M. Philippe FOLLIOT. L’A400M est très attendu, notamment dans les unités parachutistes. Les trois premières livraisons doivent avoir lieu en 2013, et les quatre suivantes en 2014. Qu’est-ce qui a été prévu en matière de formation de leurs pilotes ? Est-ce qu’il est envisageable d’accélérer le rythme de livraison, par exemple si de bonnes nouvelles concernant l’exportation du Rafale dégageaient des marges de manœuvre ?
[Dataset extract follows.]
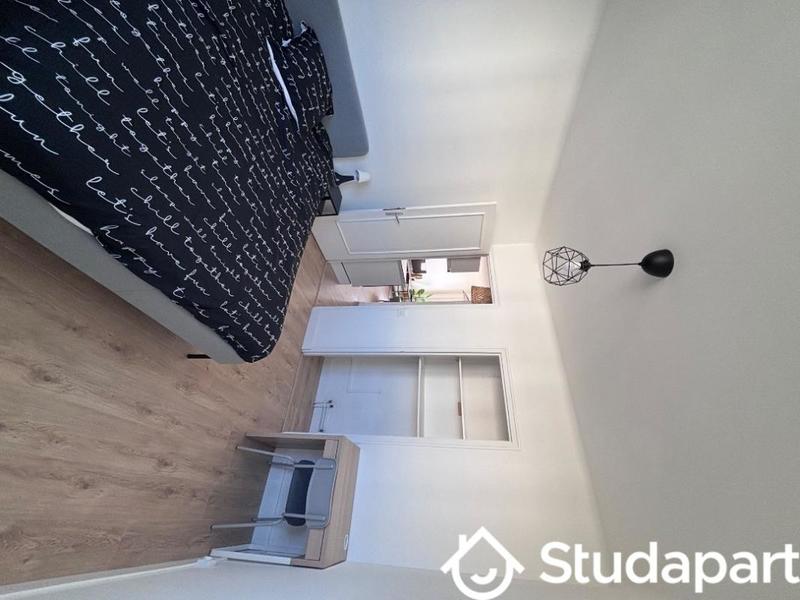 Chambre - 11 m² - 1 pièce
Général Denis MERCIER, Chef d’Etat-Major de l’Armée de l’Air. L’A400M constitue ce que l’on peut appeler une « capacité socle », c’est-à-dire qu’il sera commun à toutes les armées. Les retards dans sa livraison nous coûtent cher, ne serait-ce qu’en maintien des compétences. Pour autant, il est difficile d’accélérer le rythme de livraison de cet équipement, du fait du caractère multilatéral du programme : nos partenaires connaissent les mêmes problèmes que nous. L’A400M connaîtra plusieurs standards. Le premier sera adapté aux opérations de parachutistes et au transport logistique. Nous l’accepterons si la soute est totalement opérationnelle en mai prochain, ce en quoi j’ai confiance. Les standards suivants évolueront vers des fonctions plus tactiques. Pour conserver nos savoir-faire, et aussi permettre à l’armée de terre de continuer à s’entraîner, nous avons dû commander huit avions de transport tactique léger CASA. Le rythme de livraison de l’A400M tel qu’il est prévu est assez intensif jusqu’en 2025, et nous en aurons reçu déjà une trentaine vers 2017-2018, lorsque la flotte à laquelle il doit succéder sera retirée du service. Quant au Rafale, je crois que si nous ne l’avons pas encore exporté, c’est parce qu’il est en avance sur sa génération – quoi que sa conception ait commencé dans les années 1970. Le seul véritable avion de sa catégorie est l’avion de combat JSF (Joint Strike Fighter), qui ne dépasse le Rafale qu’en furtivité. Si nous avions des marges de manœuvre, je préférerais les employer à moderniser nos Mirage 2000 et à acquérir des capacités socles.